### Exercise
Both the line below containing "Maison - 218 m² - 7 pièces" and the line containing "Koramil 1408 –", along with every line between them, should be repeated exactly; no other line belongs in the answer.

--- Material for this exercise Enclosed Below ---

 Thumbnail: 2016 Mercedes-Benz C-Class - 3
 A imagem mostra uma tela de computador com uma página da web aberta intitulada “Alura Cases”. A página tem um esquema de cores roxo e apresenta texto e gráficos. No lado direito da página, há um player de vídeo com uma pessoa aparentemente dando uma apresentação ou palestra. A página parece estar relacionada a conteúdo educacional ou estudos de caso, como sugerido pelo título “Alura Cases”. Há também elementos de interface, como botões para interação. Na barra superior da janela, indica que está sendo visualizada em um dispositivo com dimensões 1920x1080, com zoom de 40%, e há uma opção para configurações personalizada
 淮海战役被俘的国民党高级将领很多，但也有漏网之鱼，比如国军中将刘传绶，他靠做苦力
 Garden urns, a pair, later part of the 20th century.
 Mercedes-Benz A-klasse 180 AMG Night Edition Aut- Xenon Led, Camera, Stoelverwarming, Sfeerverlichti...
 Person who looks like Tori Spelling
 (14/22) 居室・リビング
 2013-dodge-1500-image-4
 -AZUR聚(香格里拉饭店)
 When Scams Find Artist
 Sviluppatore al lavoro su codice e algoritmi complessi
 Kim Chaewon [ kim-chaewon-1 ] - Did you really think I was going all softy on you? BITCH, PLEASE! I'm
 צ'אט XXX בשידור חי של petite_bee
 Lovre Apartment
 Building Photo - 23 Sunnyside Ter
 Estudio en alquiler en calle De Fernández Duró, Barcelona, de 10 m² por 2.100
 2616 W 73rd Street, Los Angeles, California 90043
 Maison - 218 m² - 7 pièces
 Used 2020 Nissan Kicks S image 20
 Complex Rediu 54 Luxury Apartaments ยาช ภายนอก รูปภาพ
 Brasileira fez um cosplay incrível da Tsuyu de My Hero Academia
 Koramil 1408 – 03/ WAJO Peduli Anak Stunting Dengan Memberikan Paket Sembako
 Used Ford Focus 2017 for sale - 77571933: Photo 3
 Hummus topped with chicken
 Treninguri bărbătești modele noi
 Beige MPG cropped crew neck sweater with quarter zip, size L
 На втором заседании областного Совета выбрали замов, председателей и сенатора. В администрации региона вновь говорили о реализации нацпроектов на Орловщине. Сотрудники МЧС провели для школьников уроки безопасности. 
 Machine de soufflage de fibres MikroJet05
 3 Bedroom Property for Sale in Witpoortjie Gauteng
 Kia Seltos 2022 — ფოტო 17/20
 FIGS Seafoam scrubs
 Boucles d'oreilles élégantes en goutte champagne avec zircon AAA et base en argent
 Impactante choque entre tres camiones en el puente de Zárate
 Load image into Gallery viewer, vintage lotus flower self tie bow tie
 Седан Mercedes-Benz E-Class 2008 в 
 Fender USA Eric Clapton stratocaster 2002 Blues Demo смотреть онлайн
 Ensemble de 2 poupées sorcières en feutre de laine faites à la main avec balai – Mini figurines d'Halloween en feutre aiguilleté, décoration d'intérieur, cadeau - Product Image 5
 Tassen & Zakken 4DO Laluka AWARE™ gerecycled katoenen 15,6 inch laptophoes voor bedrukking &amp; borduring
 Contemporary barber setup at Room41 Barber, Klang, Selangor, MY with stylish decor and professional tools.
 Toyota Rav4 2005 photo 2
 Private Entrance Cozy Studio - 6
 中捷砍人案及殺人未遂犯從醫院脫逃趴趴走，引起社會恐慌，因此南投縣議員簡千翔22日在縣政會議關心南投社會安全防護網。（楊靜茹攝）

--- End of Enclosed Material for this exercise ---

### Solution to the exercise
 Maison - 218 m² - 7 pièces
 Used 2020 Nissan Kicks S image 20
 Complex Rediu 54 Luxury Apartaments ยาช ภายนอก รูปภาพ
 Brasileira fez um cosplay incrível da Tsuyu de My Hero Academia
 Koramil 1408 – 03/ WAJO Peduli Anak Stunting Dengan Memberikan Paket Sembako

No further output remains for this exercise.